¿Podría confesar?
Nombre omitido
Al hallarme sentado frente a un miembro de la presidencia de estaca, el corazón me comenzó a latir a toda velocidad. Había estado nervioso desde que el secretario de estaca me había llamado para concertar una entrevista. ¿Sabría él que no era digno de prestar servicio?
Yo había decidido que sería más fácil acarrear algunos pecados hasta el tribunal de Dios que revelarlos aquí en la tierra, pues consideraba que sería egoísta revelar algo que causaría pesar o vergüenza a mi esposa.
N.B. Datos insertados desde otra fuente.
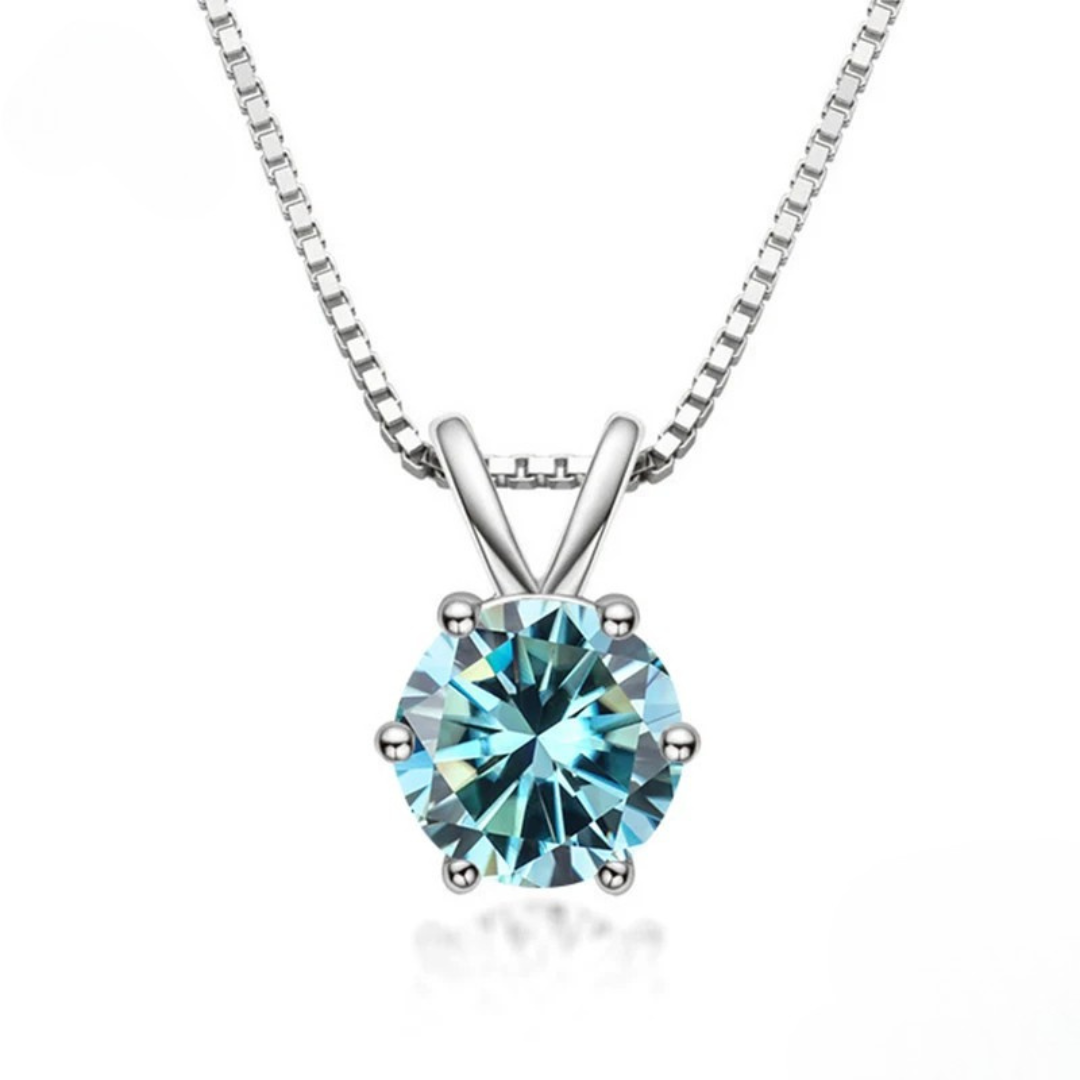 Elegant solitaire necklace with moissanite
Era mejor superarlos por mi cuenta y vivir con la carga. El único problema era que no podía superarlos por mí mismo.
Permanecí sentado mientras el miembro de la presidencia de estaca me extendía un llamamiento. Preguntó: “Hermano, ¿aceptará el llamamiento?”. ¡Cuánto deseaba exclamar que sí! En vez de ello, casi de manera involuntaria, me hallé diciendo: “No puedo; hay algunos pecados de los cuales me debo arrepentir”.
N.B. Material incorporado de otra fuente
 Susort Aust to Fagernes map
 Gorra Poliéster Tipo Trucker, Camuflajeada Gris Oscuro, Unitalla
Al confesar las características generales del pecado, me sobrevino un sentimiento de ansiedad y alivio al mismo tiempo. Me preguntó si había hablado con el obispo. “No”. ¿Con mi esposa? “No”. Me estrechó la mano, sonrió, me dijo que estaba orgulloso de mí por haber confesado y me indicó que hablara con el obispo y con mi esposa.
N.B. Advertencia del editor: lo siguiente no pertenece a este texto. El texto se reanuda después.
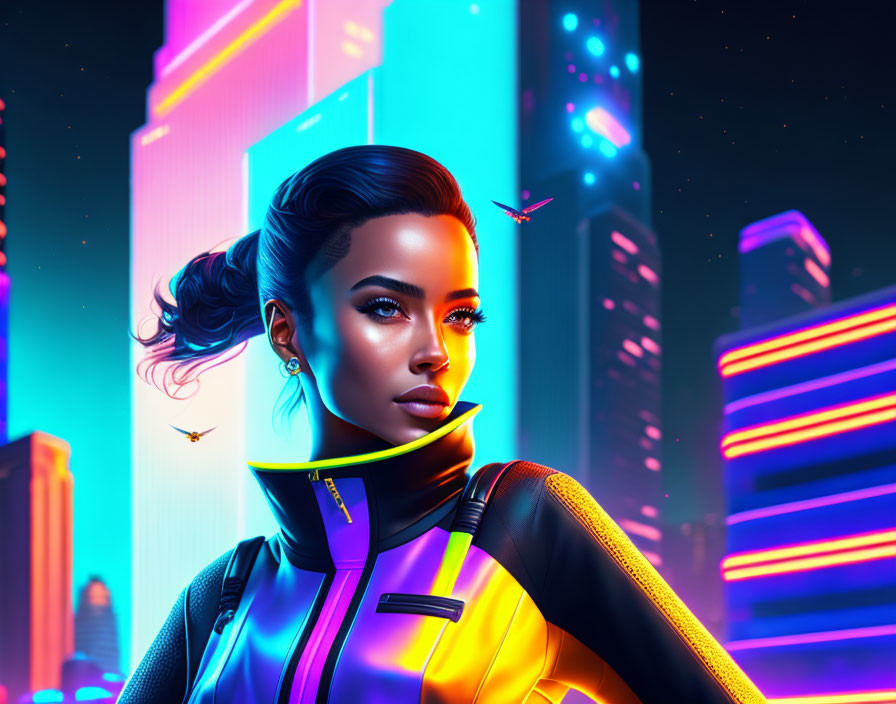 Futuristic neon-lit cityscape with striking woman illustration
Obedecí; hablé con mi esposa primero y eliminé así mi mayor temor. ¡Ella aún me amaba! Sí, estaba molesta y habría algunas cosas que tendríamos que resolver, pero me amaba y me instó a que hablara con el obispo.
Cuando fui a ver al obispo, de inmediato me dio la bienvenida a su oficina. Con dificultad, intenté articular la razón por la que me hallaba allí; después de ocultar mis pecados durante tanto tiempo, no sabía por dónde comenzar. Con amor, me instó a confesar todos mis pecados. Expliqué las características generales de mis pecados y pedí algún tiempo para proporcionar la lista completa de mis faltas. Él aceptó sin problemas.
Aunque aún debía confesar de manera completa, sentí que se me quitaba un peso enorme de encima; y finalmente sentí una renovada esperanza de que sería liberado de aquella carga.
Pasé las siguientes semanas orando, leyendo las Escrituras y enumerando la lista que presentaría al obispo y a mi Padre Celestial. Primero presenté la lista al Padre Celestial con un corazón quebrantado y un espíritu contrito, a fin de hacerle saber que estaba arrepentido y que sinceramente deseaba cambiar. Concerté otra entrevista con el obispo y expuse la lista en su totalidad. No frunció el entrecejo, no me gritó ni me reprendió; en lugar de ello, me dio un abrazo fuerte. Me expresó su amor y el del Señor, y me informó que ahora me hallaba en la senda del arrepentimiento verdadero. Yo sabía que era verdad.
Confesar mis pecados, lo que anteriormente había sido mi mayor temor, llegó a ser una de las más bellas experiencias de mi vida. Fue mi primer paso para entender verdaderamente el don y el poder sanador de la expiación de Jesucristo.